Mine has the anchor lock and I wouldn’t be without it. Not cheap (best price I found was $1729, and that did not include the Battery Tender plug-in, the quick change mounting bracket or the PowerMania onboard charger.

Should have gotten one sooner!


----------



## mro (Jan 24, 2018)

Looks like i'm going to wind up spending more on my GPS/fish finder and trolling motor than I did on my boat


----------



## DBStoots (Jul 9, 2011)

mro said:


> Looks like i'm going to wind up spending more on my GPS/fish finder and trolling motor than I did on my boat


I will soon be listing a 3 year-old Minn Kota Ulterra for sale. Probably save you over $1,000 compared to new--if you can find them.


----------



## mro (Jan 24, 2018)

At the moment I'm leaning towards the 24V 80#, w/i-pilot and and a 9" Lowrance.
I can get both for under 4K... third quarter dividend due end of the month.


----------



## Surffshr (Dec 28, 2017)

If you want the TM and GPS to talk to each other, you‘ll want to research the GPS unit carefully. I actually went with the 24v Ulterra with my new skiff, and it has been a VERY nice upgrade for me and the way I use it. I got it for the ability to trim via remote, but I’m finding the deploy/stow to be very useful as well. More moving parts though...pretty sure I’m at 35 trips and so far so good.


----------



## mro (Jan 24, 2018)

I watched a commercial awhile back that the guy backed his boat into the water then used a remote to deploy his TM and had it station the boat out of the way while he parked his truck. 
That's kinda rad (if that's a word)

the two points for me getting the Sea Nymph was one, needed something light enough that I could still handle it on/off the trailer, the other ...something for me to tinker with... 
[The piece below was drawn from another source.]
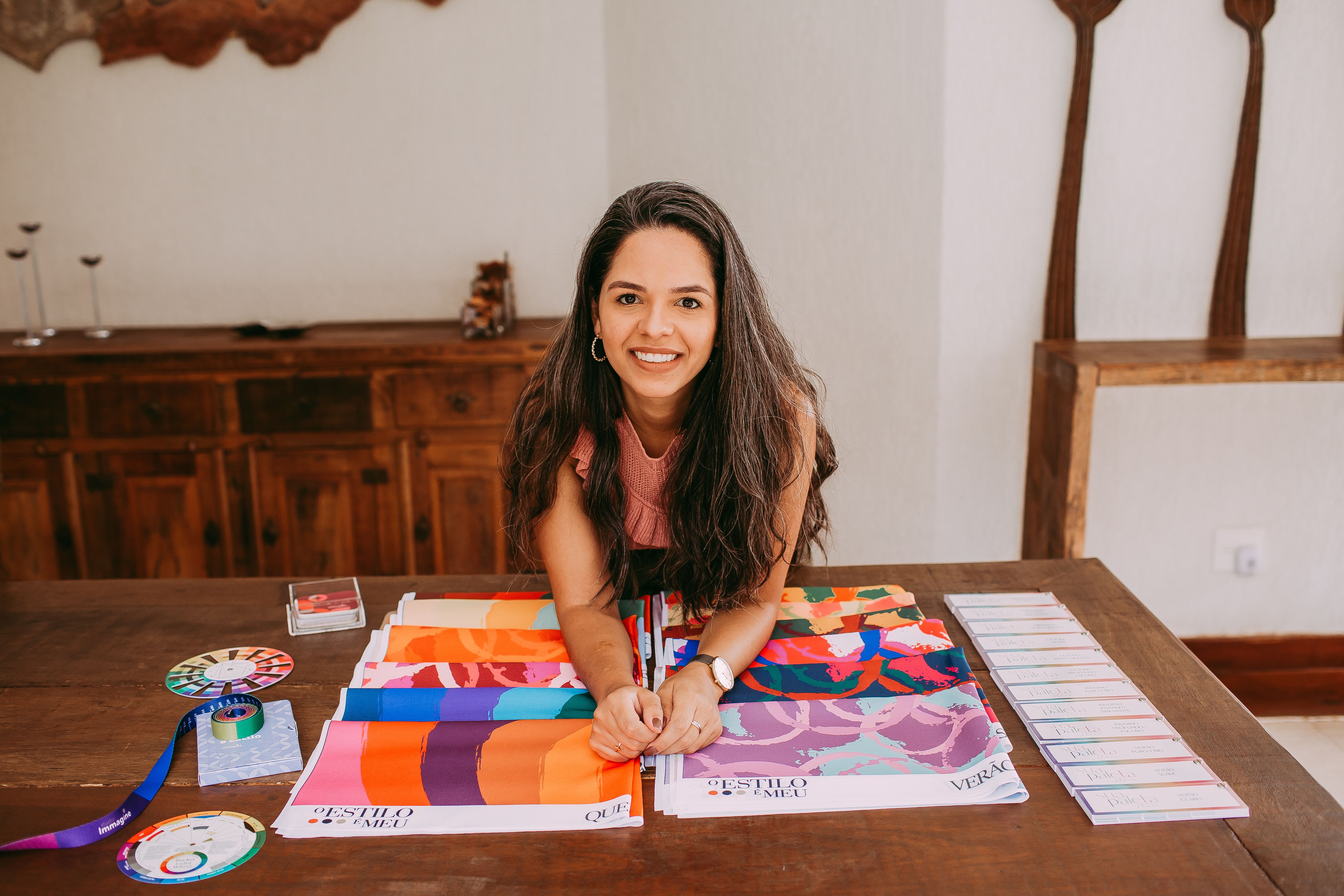 A woman with long hair smiles while posing at a table with colorful fabric samples indoors.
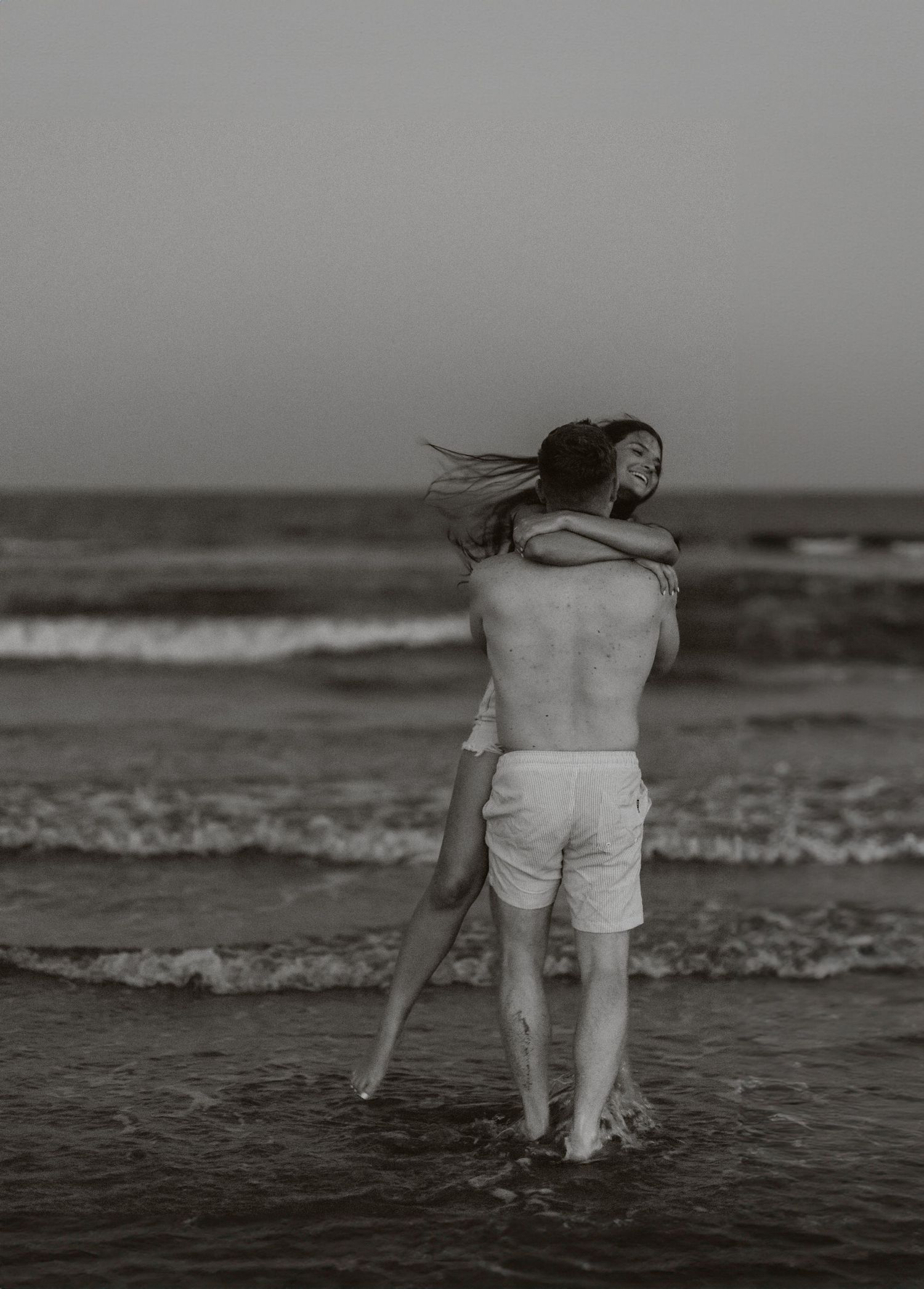 Artistic black and white sequence of a couple playing in ocean waves at the beach.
Going to get one this month as the strippers tend to move into the delta in September.
Front of the Nymph is good enough to cast from.


----------



## fishnpreacher (Jul 28, 2018)

mro said:


> I watched a commercial awhile back that the guy backed his boat into the water then used a remote to deploy his TM and had it station the boat out of the way while he parked his truck.
> That's kinda rad (if that's a word)
> 
> the two points for me getting the Sea Nymph was one, needed something light enough that I could still handle it on/off the trailer, the other ...something for me to tinker with...
> ...



I have a friend who has the automatic trolling motor on a 26ft Sea Hunt striper rig, and he does just that. Back it in, float it back far enough to deploy the trolling motor, let ti get far enough from the dock to be out of the way and hit spot lock. Then when he has his truck parked and everything ready, guide it to the dock and climb aboard. He said the first time was the toughest. $50,000 floating away from you as you drive away will do that to you.


----------



## jasonrl23 (Jul 27, 2009)

DBStoots said:


> I really like the Terrova. The Spot Lock is so helpful when fishing moving water.


I second this.

The big difference is ease of deploying and storing. Terrova takes no effort.


----------